• _Task instructions_: Some lines in the listing hold the word "Cream". Return each of them.

• _Information_:
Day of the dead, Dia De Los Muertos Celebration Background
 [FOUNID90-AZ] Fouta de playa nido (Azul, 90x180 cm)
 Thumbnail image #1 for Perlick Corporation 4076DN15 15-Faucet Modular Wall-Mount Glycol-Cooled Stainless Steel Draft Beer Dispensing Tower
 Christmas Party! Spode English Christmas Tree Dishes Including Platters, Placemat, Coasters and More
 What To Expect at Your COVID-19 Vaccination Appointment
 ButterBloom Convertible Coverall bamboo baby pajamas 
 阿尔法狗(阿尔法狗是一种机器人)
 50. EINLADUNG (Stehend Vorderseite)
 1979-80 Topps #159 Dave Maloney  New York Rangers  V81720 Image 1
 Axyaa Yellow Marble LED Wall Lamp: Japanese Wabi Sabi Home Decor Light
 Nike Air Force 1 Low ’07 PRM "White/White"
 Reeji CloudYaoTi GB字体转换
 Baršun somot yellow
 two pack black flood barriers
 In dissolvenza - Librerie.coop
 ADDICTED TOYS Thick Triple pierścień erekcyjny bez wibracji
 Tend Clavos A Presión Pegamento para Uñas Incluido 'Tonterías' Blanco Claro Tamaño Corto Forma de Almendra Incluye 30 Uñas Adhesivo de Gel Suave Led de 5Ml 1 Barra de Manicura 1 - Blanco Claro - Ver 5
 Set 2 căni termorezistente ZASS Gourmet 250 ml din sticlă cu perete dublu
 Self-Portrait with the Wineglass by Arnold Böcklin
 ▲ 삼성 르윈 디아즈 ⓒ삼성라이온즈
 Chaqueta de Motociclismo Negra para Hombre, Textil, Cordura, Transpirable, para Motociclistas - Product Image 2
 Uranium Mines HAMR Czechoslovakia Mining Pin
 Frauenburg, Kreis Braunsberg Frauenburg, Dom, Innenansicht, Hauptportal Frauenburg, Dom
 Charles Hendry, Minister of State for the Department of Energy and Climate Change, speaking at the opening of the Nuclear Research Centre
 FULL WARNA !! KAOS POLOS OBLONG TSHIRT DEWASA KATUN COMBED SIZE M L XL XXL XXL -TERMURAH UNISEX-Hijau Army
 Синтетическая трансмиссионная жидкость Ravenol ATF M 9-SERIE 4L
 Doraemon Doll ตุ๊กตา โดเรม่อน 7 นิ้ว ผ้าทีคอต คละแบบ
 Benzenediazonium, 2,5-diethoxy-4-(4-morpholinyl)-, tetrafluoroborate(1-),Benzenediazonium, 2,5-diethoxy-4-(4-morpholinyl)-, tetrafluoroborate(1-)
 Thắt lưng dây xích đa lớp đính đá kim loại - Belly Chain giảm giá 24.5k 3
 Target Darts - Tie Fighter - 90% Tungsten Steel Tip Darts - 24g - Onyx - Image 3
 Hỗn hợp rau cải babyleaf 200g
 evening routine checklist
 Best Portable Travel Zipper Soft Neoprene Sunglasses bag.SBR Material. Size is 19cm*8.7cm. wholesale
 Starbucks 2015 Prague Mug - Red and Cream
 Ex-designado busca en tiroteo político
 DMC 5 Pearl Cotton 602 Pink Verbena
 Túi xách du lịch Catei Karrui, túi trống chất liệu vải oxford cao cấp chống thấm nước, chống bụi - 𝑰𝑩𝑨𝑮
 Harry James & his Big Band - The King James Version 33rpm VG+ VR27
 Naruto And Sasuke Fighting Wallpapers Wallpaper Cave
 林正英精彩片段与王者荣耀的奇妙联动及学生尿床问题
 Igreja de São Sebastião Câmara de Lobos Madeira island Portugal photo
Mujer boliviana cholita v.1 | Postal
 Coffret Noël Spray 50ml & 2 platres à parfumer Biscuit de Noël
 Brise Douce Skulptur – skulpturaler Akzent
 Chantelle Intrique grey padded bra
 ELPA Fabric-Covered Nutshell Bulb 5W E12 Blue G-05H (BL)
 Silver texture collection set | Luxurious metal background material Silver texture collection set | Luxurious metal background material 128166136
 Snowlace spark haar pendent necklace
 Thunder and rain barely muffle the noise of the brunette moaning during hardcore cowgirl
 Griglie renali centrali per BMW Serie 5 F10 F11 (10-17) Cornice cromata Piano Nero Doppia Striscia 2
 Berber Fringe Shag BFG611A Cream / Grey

• _Output of the task_:
 Starbucks 2015 Prague Mug - Red and Cream
 Berber Fringe Shag BFG611A Cream / Grey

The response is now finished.